There’s more to recycling than steel cans and glass bottles.
AUTHOR and science journalist Tanya Ha often asks this question: What do you do in you own home to help the environment?
“Recycling is the first thing people say,” she says. “We’ve been doing it and we’re proud of it. To some degree, it’s second nature.”
National Recycling Week starts tomorrow, coordinated by Planet Ark. There’ll be challenges, swaps and workshops in schools and council areas around the country, and “file flings” in offices to encourage paper recycling.
A recent study released by the Australian Bureau of Statistics reported that 98 percent of households recycle or reuse items around home.
That’s something to celebrate, Ms Ha says, but not something to be satisfied with. (Take aluminium cans: we recycle two out of every three; the Germans, 96 out of 100.)
“We’ve gone into autopilot on day-to-day recycling. We could improve, especially away from home, but generally we do it pretty well. But the ground is shifting under us. There’s a lot more we can do,” she says.
To coincide with Recycling Week, Ms Ha and Planet Ark have released a report called Second Nature, which tracks the past and present and speculates on the future of recycling in Australia.
“The waste we produce says so much about our society: what things we buy, what things we value and what we don’t,” she says.
Normal practices are always changing.

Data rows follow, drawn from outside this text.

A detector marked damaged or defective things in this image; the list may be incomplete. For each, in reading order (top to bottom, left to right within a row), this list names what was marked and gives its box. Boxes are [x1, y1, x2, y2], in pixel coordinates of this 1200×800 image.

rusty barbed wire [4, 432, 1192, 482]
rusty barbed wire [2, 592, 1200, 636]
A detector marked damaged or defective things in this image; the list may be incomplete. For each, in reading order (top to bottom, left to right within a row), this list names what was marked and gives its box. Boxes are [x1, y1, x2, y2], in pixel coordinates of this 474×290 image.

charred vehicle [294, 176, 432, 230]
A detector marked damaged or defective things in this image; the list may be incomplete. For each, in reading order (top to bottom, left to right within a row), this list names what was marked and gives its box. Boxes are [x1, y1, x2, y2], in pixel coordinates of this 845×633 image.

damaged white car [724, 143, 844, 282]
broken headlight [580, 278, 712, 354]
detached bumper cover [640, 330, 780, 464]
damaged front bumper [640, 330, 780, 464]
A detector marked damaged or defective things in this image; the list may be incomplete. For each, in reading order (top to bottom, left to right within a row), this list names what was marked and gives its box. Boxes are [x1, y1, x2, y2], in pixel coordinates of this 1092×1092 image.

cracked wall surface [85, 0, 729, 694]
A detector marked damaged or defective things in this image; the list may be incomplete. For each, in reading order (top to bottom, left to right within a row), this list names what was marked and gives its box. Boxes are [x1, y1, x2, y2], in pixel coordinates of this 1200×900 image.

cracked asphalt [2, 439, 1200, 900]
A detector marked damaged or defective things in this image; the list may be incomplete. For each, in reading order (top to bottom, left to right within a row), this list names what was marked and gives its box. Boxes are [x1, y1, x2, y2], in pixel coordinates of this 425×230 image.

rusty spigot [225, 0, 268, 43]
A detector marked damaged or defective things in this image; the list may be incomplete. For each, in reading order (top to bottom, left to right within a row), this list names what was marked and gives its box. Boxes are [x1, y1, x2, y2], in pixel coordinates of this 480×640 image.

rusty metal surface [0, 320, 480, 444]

In the nineteenth century, rag and bone collectors sold household rags to paper mills, and kitchen bones to makers of buttons, soap, glue and gelatine. Until the 1960s, glass drink bottles were all refillable.
Ms Ha says our reasons for recycling have also changed, from concern about sanitation in the eighteenth century, and the need for thrift during the war eras, to worries about landfill capacity in the ’60s and ’70s, when consumption and single-use packaging boomed.
“Now the pressing need is climate change,” she explains, “and the other motivation will be resource security.”
They’re big concerns. Ms Ha says we need a shift in mindset, away from a linear, “cradle-to-grave” approach, and into cyclical, “cradle-to-cradle” thinking.
Organic waste is the perfect illustration. In 2006-07, material such as food scraps, paper, cardboard, wood and garden clippings comprised nearly two-thirds of everything that went into landfill (PDF).
“In landfill conditions, it produces methane, which is a powerful greenhouse gas. But biodegradable waste is such a useful resource; we need to capture it and put it back into the soil,” she says.
The other challenge is e-waste, such as computers, televisions and batteries. Around Australia, there are 22 million disused mobile phones and accessories languishing in the dark.
Inside are precious resources: 1 tonne of obsolete mobile phones (not including their batteries) can yield 300 grams of gold, over 3 kilograms of silver, about 140 kilograms of copper, among other things.
Until the end of the year, MobileMuster, the industry-funded recycling program, is promoting a “memory muster”. Post or drop-off your old mobile and they’ll send you prints of your six favourite, forgotten photos.
Remember, however, that avoiding consumption is better than recycling the results. Do you really need that new phone, TV or gadget?
With the race on to reduce carbon emissions, Ms Ha says, just worrying about recycling “is like a swimmer just focussing on the tumble turns, not on the laps”.